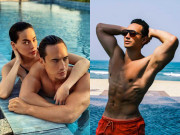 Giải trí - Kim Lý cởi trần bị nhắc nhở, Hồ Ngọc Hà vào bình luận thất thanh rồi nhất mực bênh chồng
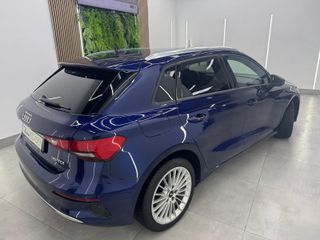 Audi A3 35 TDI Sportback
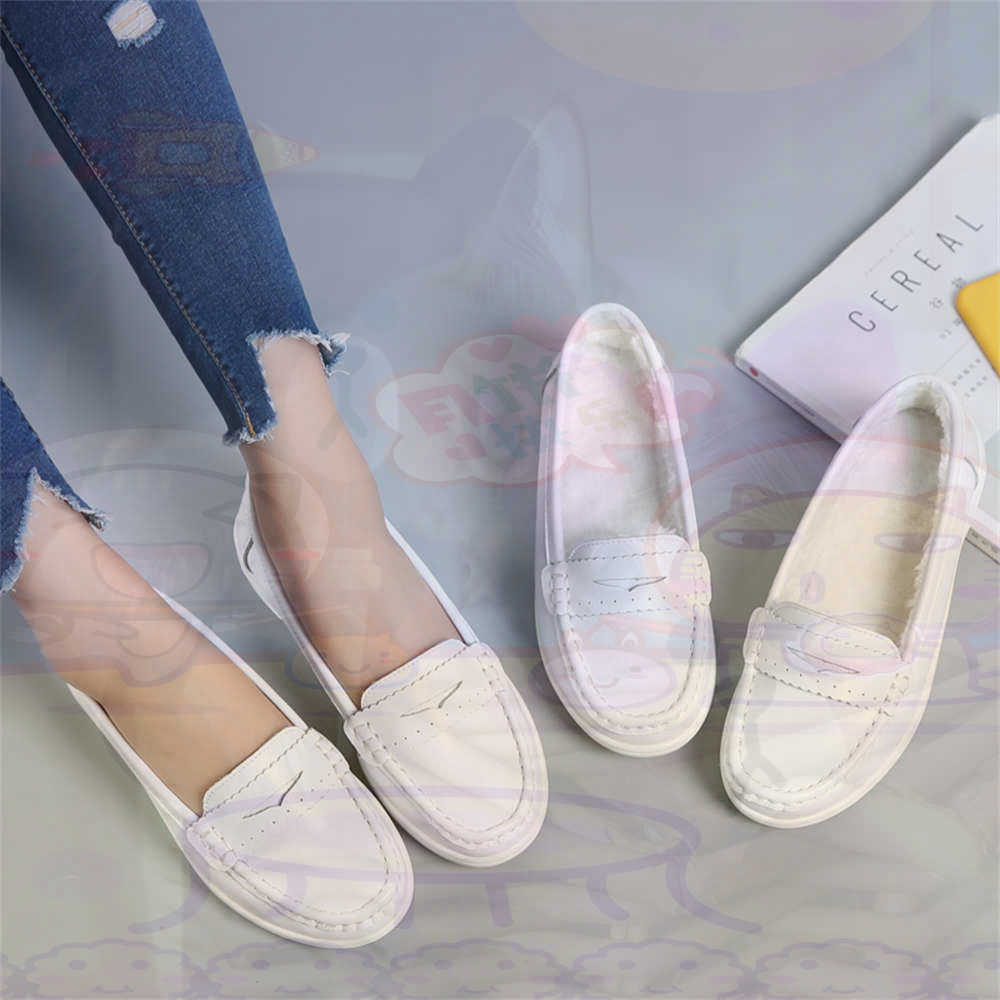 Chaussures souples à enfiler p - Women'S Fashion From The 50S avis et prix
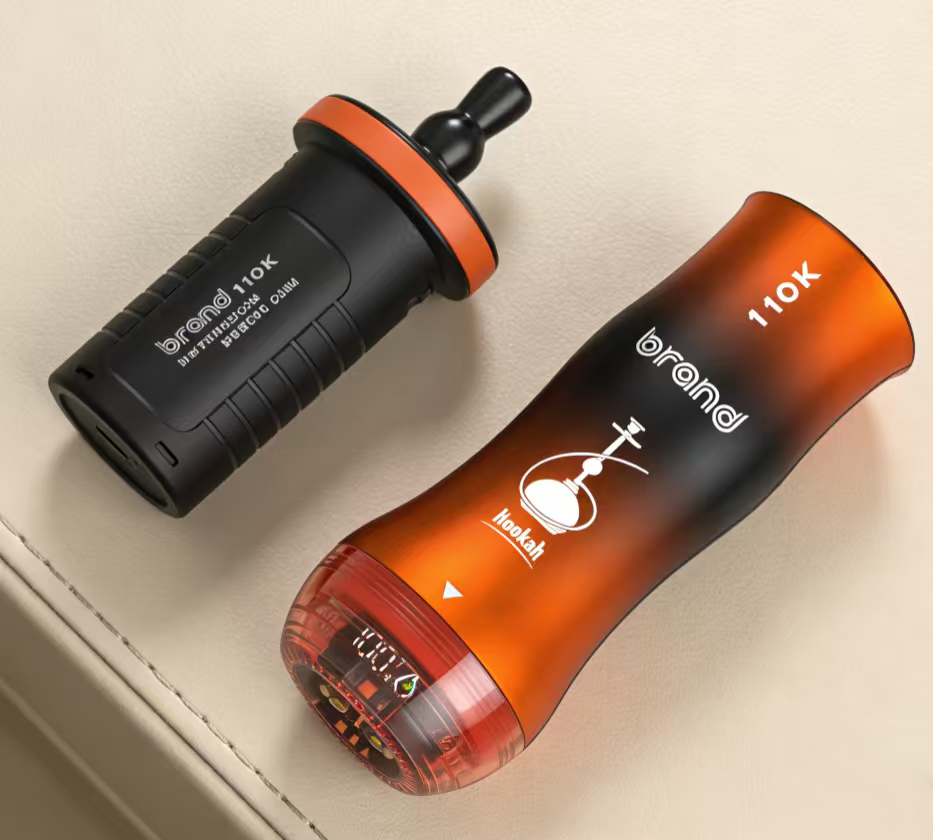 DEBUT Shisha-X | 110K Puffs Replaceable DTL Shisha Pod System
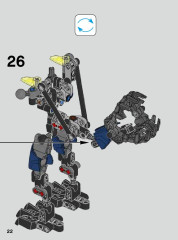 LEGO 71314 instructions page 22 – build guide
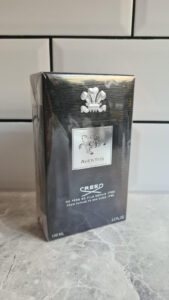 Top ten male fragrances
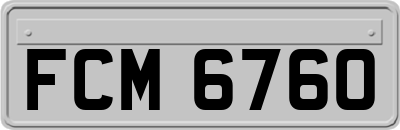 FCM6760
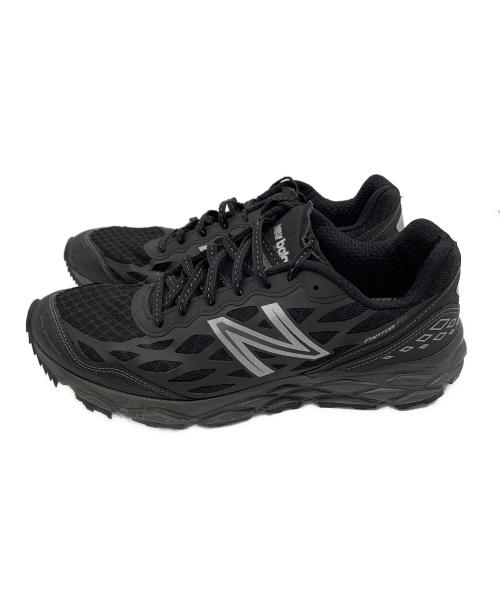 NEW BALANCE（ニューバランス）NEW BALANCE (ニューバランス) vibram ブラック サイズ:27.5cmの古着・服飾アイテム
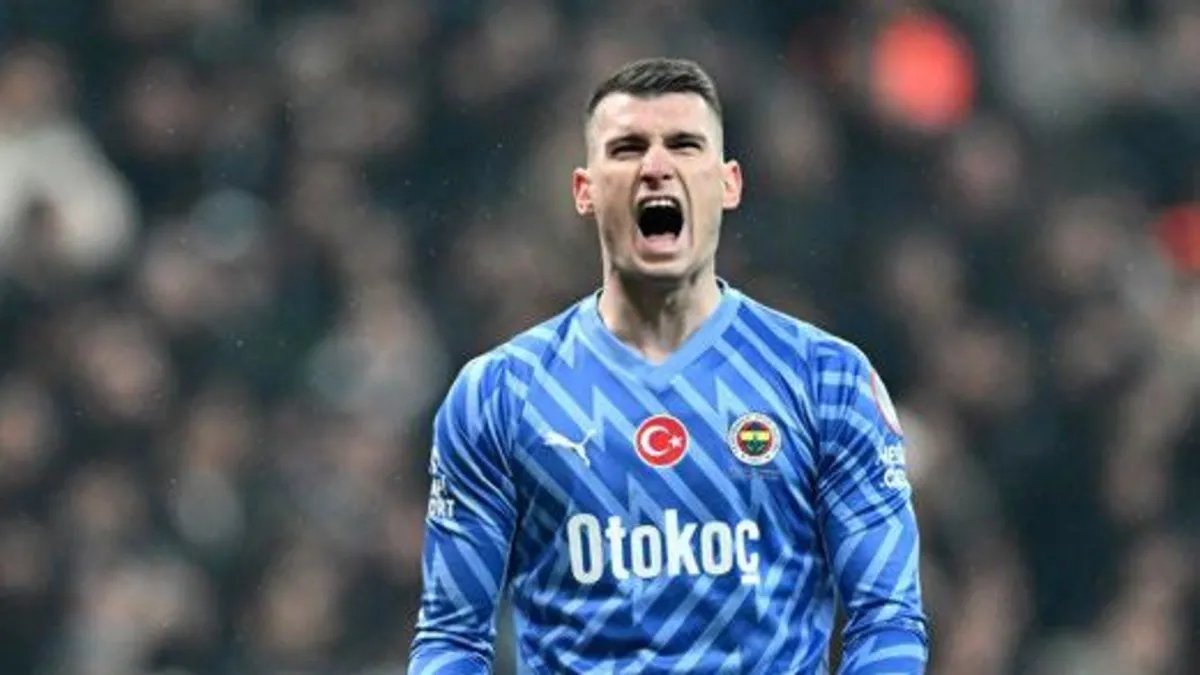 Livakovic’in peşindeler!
=====
In the data above, find the line containing "NEW BALANCE（ニューバランス）NEW BALANCE"; from there, please write out each line through the end, exactly, with the pictures omitted.

◆ **ANSWER TO THE EXERCISE**:
 NEW BALANCE（ニューバランス）NEW BALANCE (ニューバランス) vibram ブラック サイズ:27.5cmの古着・服飾アイテム
 Livakovic’in peşindeler!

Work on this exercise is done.